Ya el viejo Bentham nos ponía en guardia contra el “embrujo del lenguaje” (Wittgenstein) y las trampas con que nos llevaba dócilmente  a inventarnos entidades que no existen. En ejemplo que tomo de José Juan Moreso, si yo digo:

E7: “el andaluz medio ve la televisión dos horas al día”,

Entonces es legítimo preguntarse dónde vive ese tal andaluz medio, dónde nació, si le va el flamenco y a qué dedica el tiempo libre. Sin embargo, en realidad el andaluz medio no existe y si yo comenzara a decir por ahí que el andaluz medio es así y asá, que le gusta el pescaíto frito como sugiere Canal Sur o que le gusta Rosalía, que acaba de ganar un Grammy retransmitido y qué sé yo cuántas otras cosas que fueran interpretativamente coherentes con la presunta psicología de ese tal “andaluz medio”, estaría comenzando a crear una mágica entidad que no existe, salvo porque hemos decidido darle vida alrededor de un par de palabras: “andaluz medio”. La forma de detener racionalmente esta exponencial creación y recreación de entidades metafísicas alrededor de una fórmula afortunada consiste en traducir el enunciado E7 mediante una muy necesaria “paráfrasis” que suspenda todo ese torrente interpretativo de la psicología de una entidad imaginaria y recordar que E7 significa en realidad lo siguiente:

E8: “Si dividimos el número de horas de televisión semanales que se han visto en la Comunidad Autónoma de Andalucía y se divide por el número de los censados allí, entonces el resultado es dos”.

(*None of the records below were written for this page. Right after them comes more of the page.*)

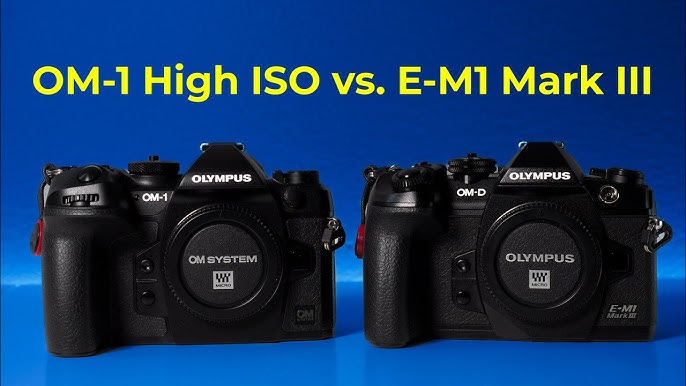 OM System OM-1 vs Olympus OM-D E-M1 III - The 10 Main Differences -  Mirrorless Comparison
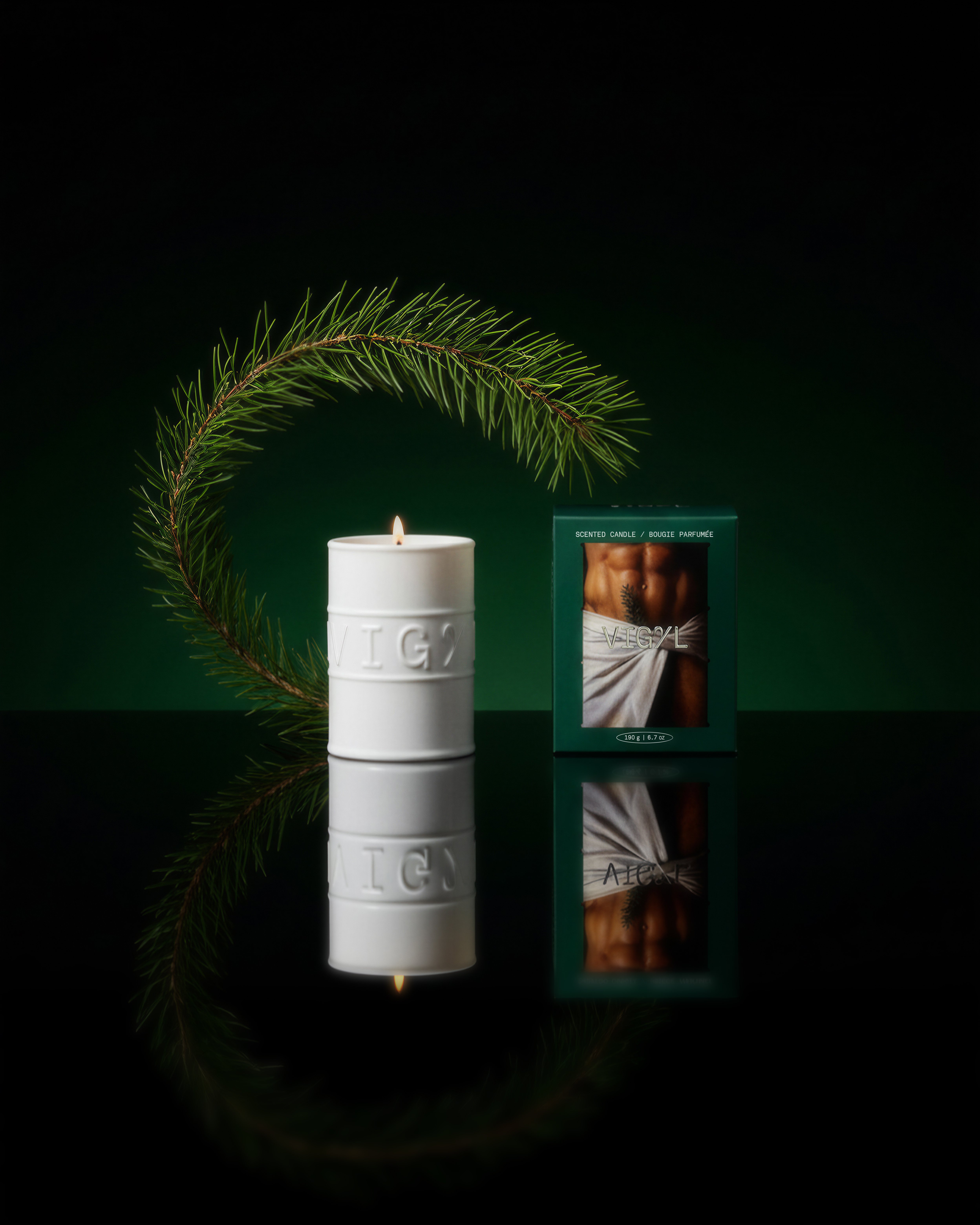 best new beauty products november 2025: vigyl candle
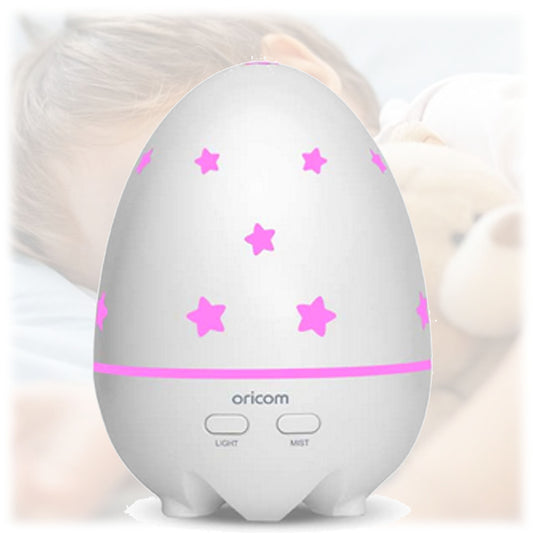 Oricom Aroma Diffuser Humidifier & Night Light Baby Kids Room AD50 - Mega Pet Store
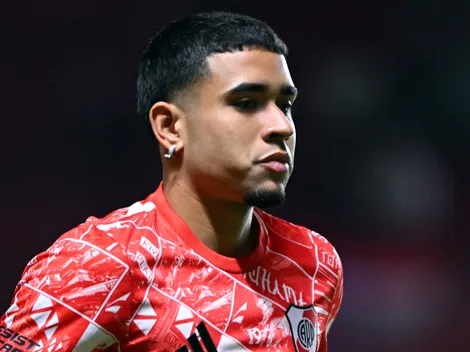 Así fue el debut de Kendry Páez en la derrota de River frente a Argentinos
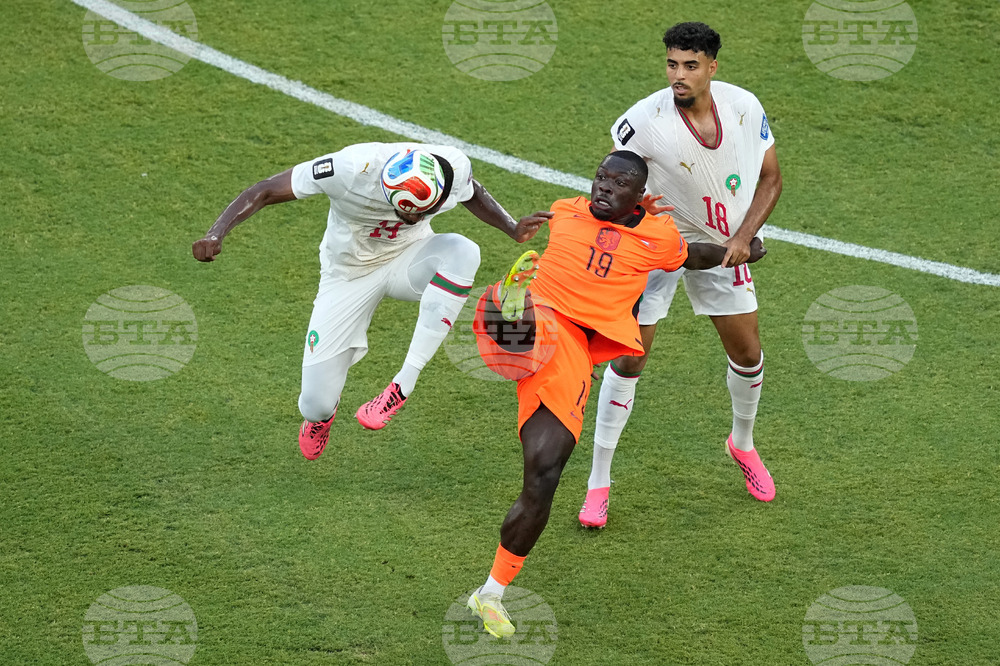 APTOPIX Morocco Netherlands WCup Soccer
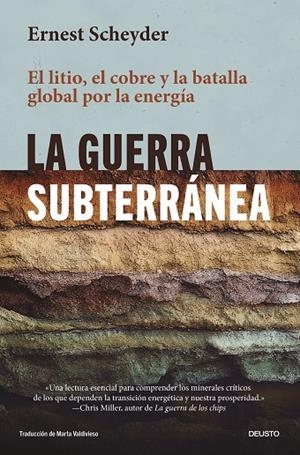 LA GUERRA SUBTERRÁNEA | 9788423440146 | SCHEYDER, ERNEST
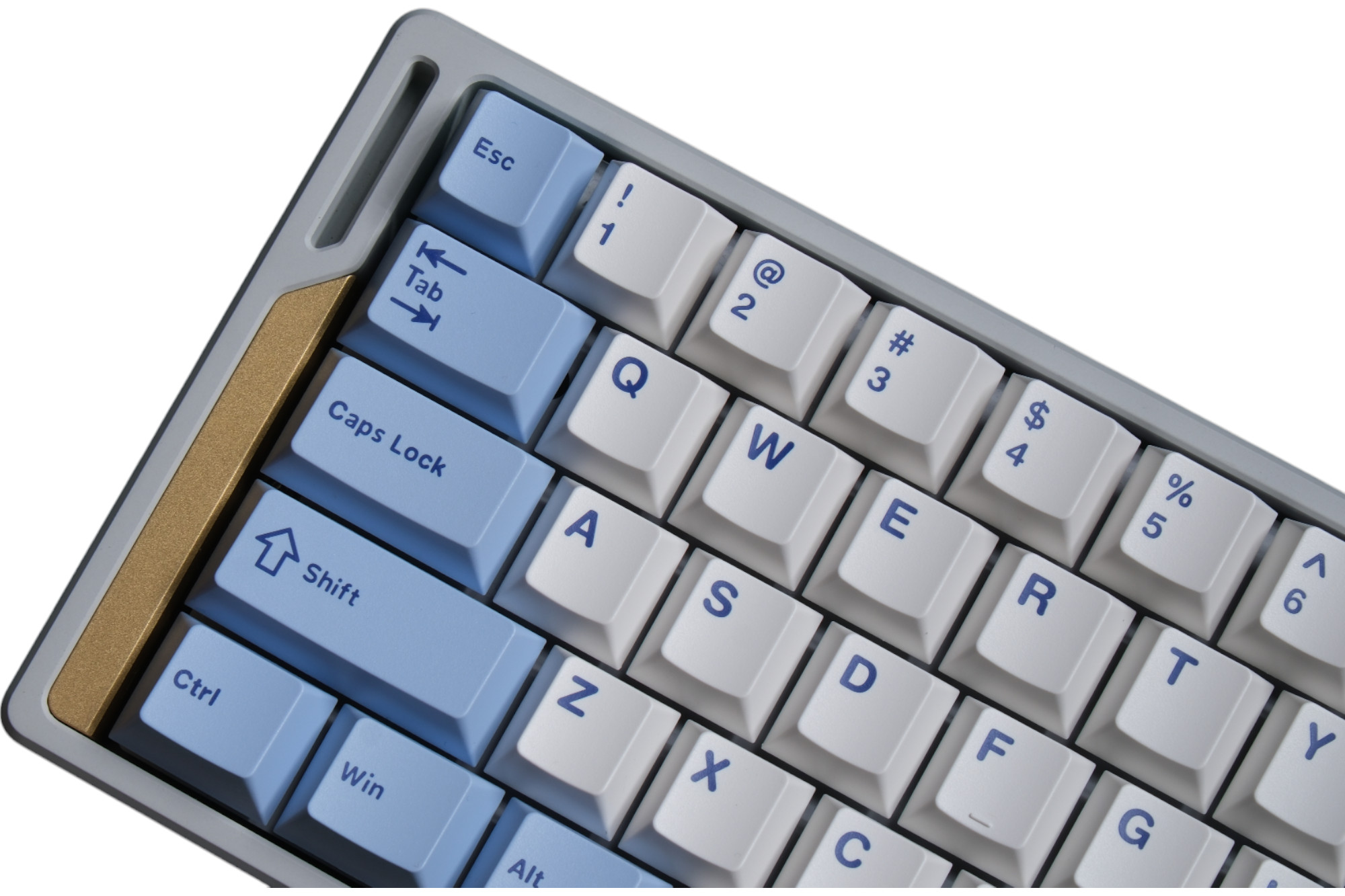 Wuque Studio WS PBT Lavender Bliss Keycap Kit · Milktooth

Aquí nadie habla ya del andaluz medio porque no hace falta y no hace falta porque simplemente el andaluz medio no existe. Una vez “parafraseado”, al andaluz medio ya no le gusta el pescaíto frito, ni es fan de Rosalía porque no hay a quien imputar tales preferencias. “Palabras, palabras, palabras”

Pues bien, categorías como “el heteropatriarcado” están funcionando como “el andaluz medio” de manera irreflexiva, como un meme que se repite sin apenas pararnos a pensar en una paráfrasis que ponga de manifiesto que se trata de un concepto teórico, de una mera interpretación del mundo. A veces incluso se personifica tal interpretación en tremenda prosopopeya periodística diciendo cosas tan irracionales como que el “heteropatriarcado mata” o generalizando absurdamente categorías como “asesinatos machistas” que poco tienen que ver con la protección de las mujeres y sí con una grave estigmatización de los hombres a partir de unas categorías irracionales que sólo existen en la mente de algunas personas; pero que poco a poco van convirtiéndose en el vivero de votos que condicionarán la labor legislativa y jurisdiccional.

Y a todo esto, ¿por qué volver a un mundo encantado? La respuesta puede plantearse mediante otra vieja pregunta: ¿Cui prodest? Los lectores tendrán ya su idea sobre a quién beneficia toda esta taumaturgia de género. Yo también.